### PROBLEM TO WORK ON
In the entries that follow, the line with "Death March kara" opens the range and the line with "Shoprider Desginer-243 Mousepad(Multicolor)" closes it; repeat that range exactly, both lines included.

### RECORDS SUPPLIED

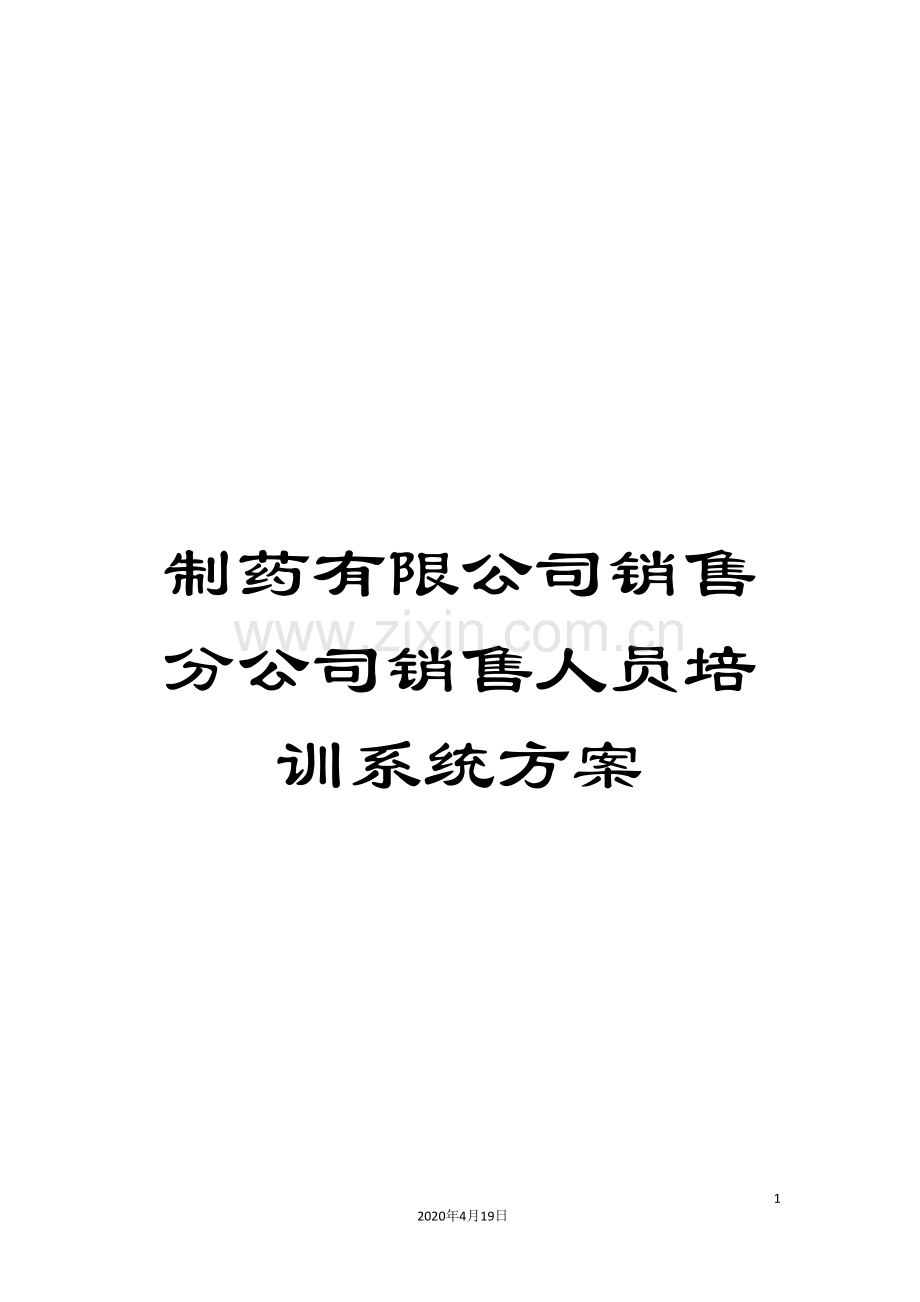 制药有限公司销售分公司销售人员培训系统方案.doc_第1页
--
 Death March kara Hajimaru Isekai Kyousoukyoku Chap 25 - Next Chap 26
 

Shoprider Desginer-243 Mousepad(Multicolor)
--
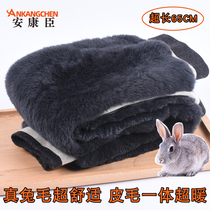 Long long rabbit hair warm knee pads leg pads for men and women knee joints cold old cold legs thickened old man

### ANSWER TO THE PROBLEM
 Death March kara Hajimaru Isekai Kyousoukyoku Chap 25 - Next Chap 26
 

Shoprider Desginer-243 Mousepad(Multicolor)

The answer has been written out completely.